HMS Lends Hand to Landmark Mouse Genome Study

Researchers at HMS contributed to last week's landmark publication of the mouse genome and related papers. Scientists expect the genome will provide information and tools to greatly accelerate research into human biology and diseases.

The bulk of the high-quality draft sequence made public in the Dec. 5 Nature and deposited at several public websites was produced by the relatively fast and cheap technique of whole-genome shotgun sequencing at MIT's Whitehead Institute, Washington University in St. Louis, and the Wellcome Trust Sanger Institute in the U.K.

The draft sequence was verified and supplemented by a number of independent methods, including sequences from the Harvard Medical School-Partners Center for Genetics and Genomics and other smaller groups from the nine NIH-funded members of the Mouse Genome Sequencing Consortium.

The Harvard Center started sequencing from the other direction, selecting mapped bacterial artificial chromosome (BAC) clones, sequencing them to a high degree of accuracy, and adding their results to the larger effort. The center moved to Harvard last year from the Albert Einstein College of Medicine, where it had also contributed to the public human genome project by mapping human chromosome 12.

"We set out to sequence biologically interesting regions of the genome for ourselves and for a number of researchers around the country," said center scientific director Raju Kucherlapati, the Paul C. Cabot professor of genetics and professor of medicine at HMS and Brigham and Women's Hospital.
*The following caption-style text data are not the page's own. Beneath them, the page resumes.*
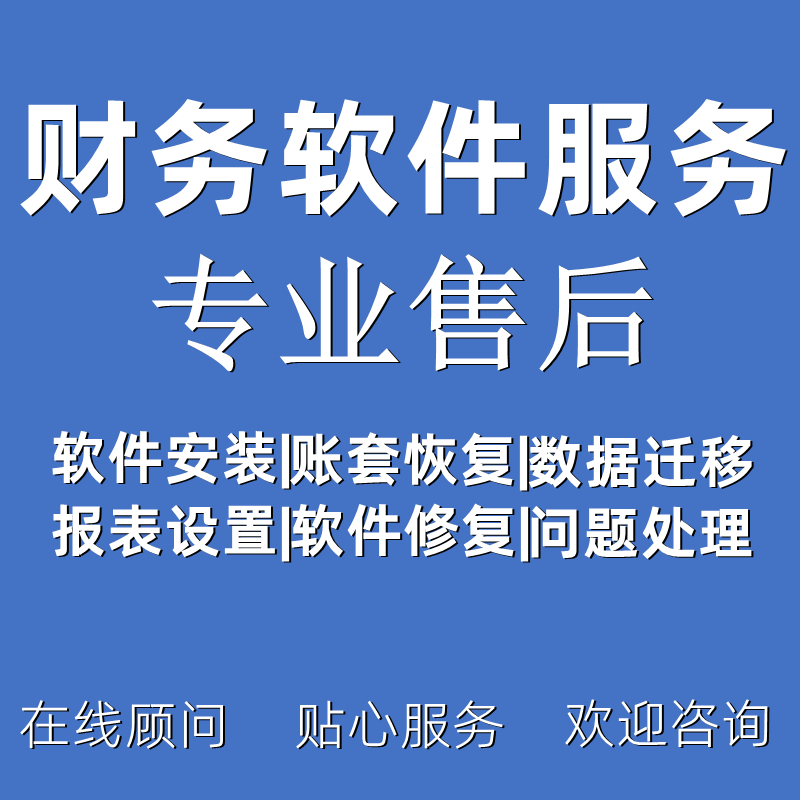 财务软件技术服务安装维护培训售后软件重新安装账套备份年结远程-封面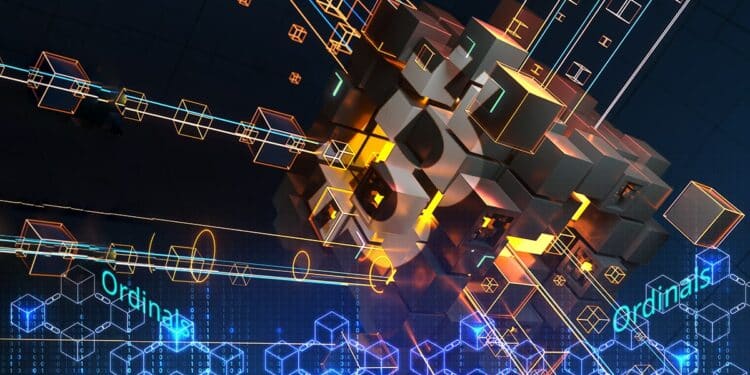 bloques digitales de ordinals inundando cadena de bloques de Bitcoin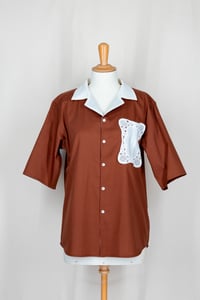 Image 1 of Chemise - Terracotta & Dentelle - Pièce Unique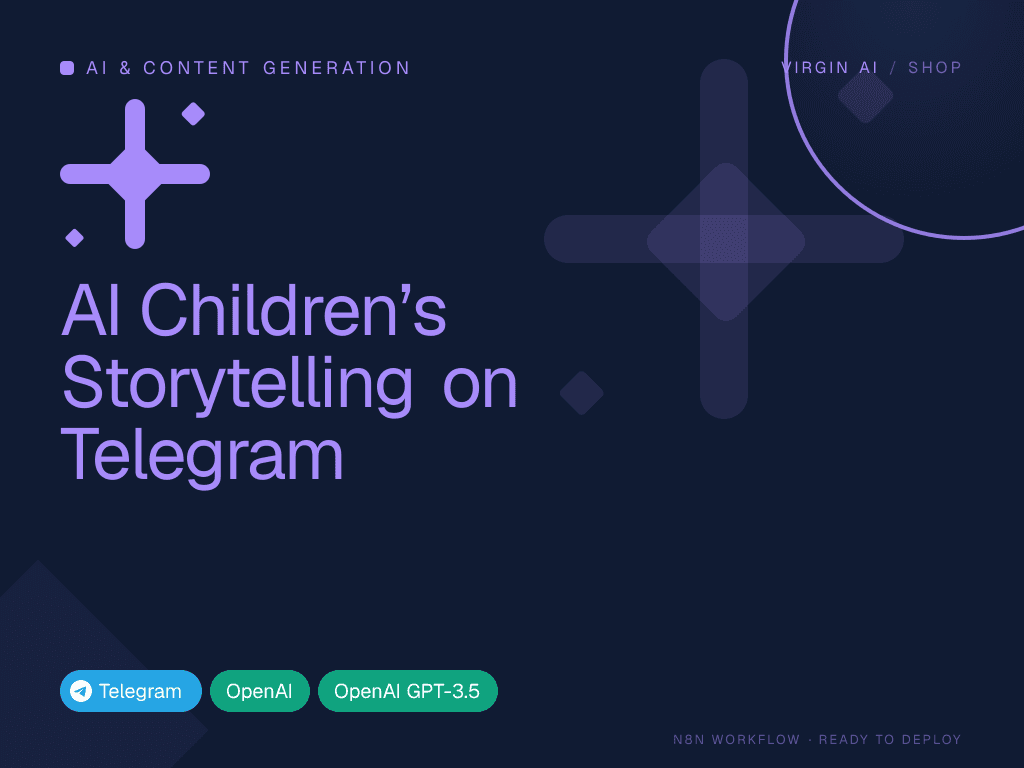 AI Children’s Storytelling on Telegram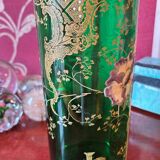 Old scroll vase by François-Théophile LEGRAS (1839-1916)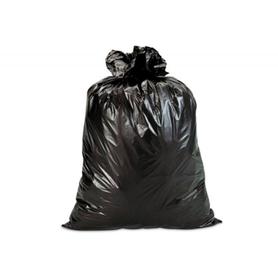 Bolsa basura domestica negra 60x70 cm galga 90 material 100% reciclado y reciclable rollo de 10 unidades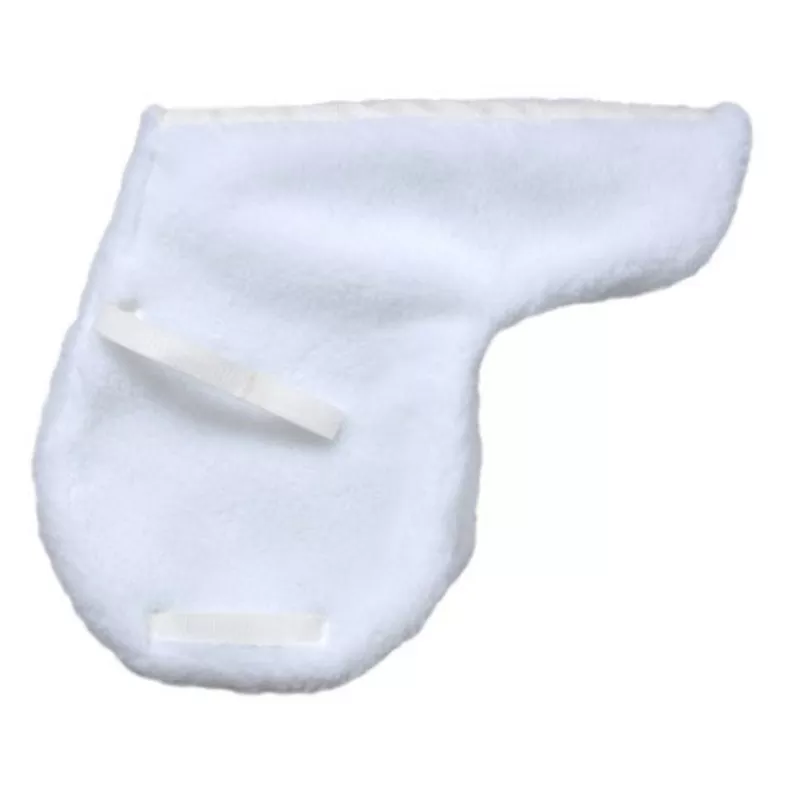 Fleece English Saddle Pad – All Purpose white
Kucherlapati and Kate Montgomery, HMS instructor in medicine at BWH, are listed as co-authors of the mouse genome paper and represent the efforts of many other people at the center, Montgomery said.

In Kucherlapati's lab, researchers have already used the results to generate mouse models with mutations in genes involved or implicated in the onset and progression of human colorectal cancer, velo-cardio-facial syndrome, and other diseases.
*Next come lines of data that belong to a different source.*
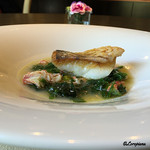 カーサ・デル・チーボ - メバルの鱗焼に毛蟹のスーゴ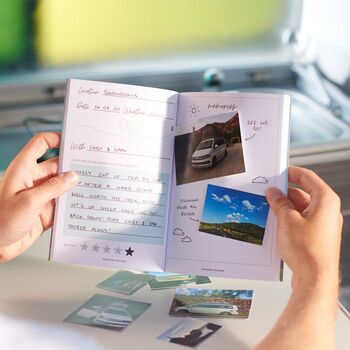 Personalised Motorhome Travel Journal Notebook, 3 of 12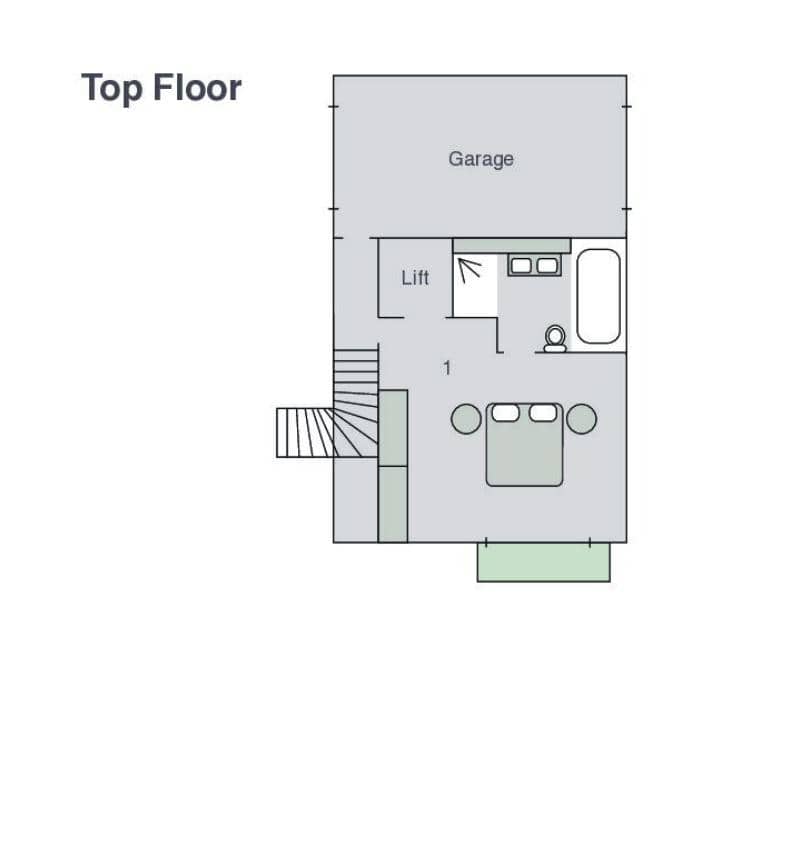 Chalet Teredo, Verbier floorplan - The Chalet Edit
Meanwhile, another international consortium has published the first complete draft of the working parts of a mammalian genome in the same issue of Nature. Genes are often defined as protein-coding regions, but the FANTOM consortium (mostly based at RIKEN Genomic Sciences Center in Japan) leveraged a technique to synthesize full-length cDNA clones and found that almost one third of the mouse "transcriptome" is never converted into proteins. They may function in their RNA form to switch other genes on and off at specific times and places.
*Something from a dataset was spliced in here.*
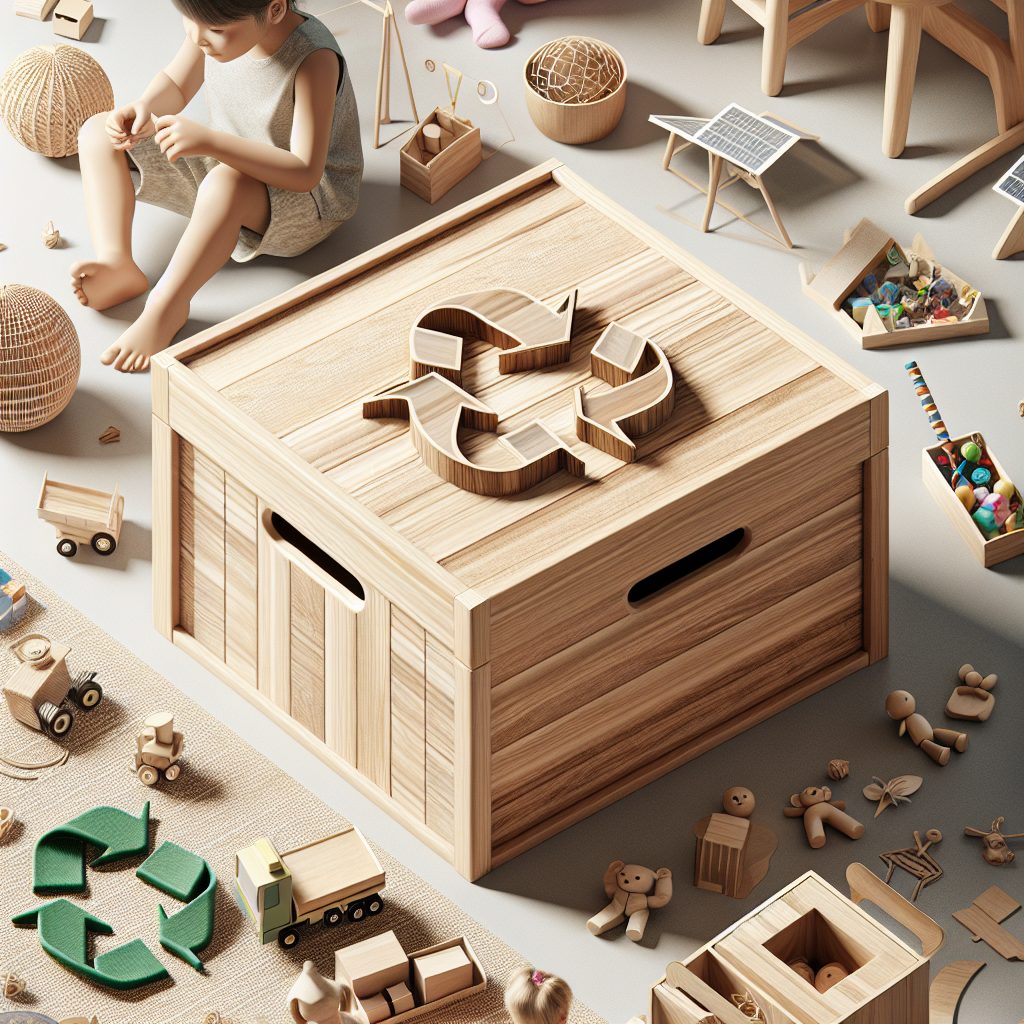 Eco-Friendly Wooden Toy Boxes for Sustainable Storage 
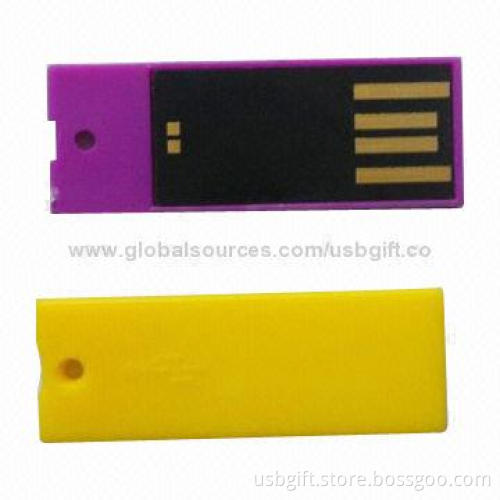 Mini USB Drives with 4GB Capacity, Suitable for Promotional Gifts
Stefano Gustincich, HMS instructor in neurobiology, was a collaborator and co-author. As part of the FANTOM consortium, Gustincich contributed retinal tissues and annotated his share of the project's sequenced cDNA. In collaboration with Elio Raviola, the Bullard professor of neurobiology, Gustincich has already used a resulting tool, full-length clones in a cDNA microarray, to identify more than 700 genes expressed in a single dopamine neuron in the mouse retina in an effort to understand how high levels of dopamine regulate light adaptation during the light of day and drop off in the dark of night.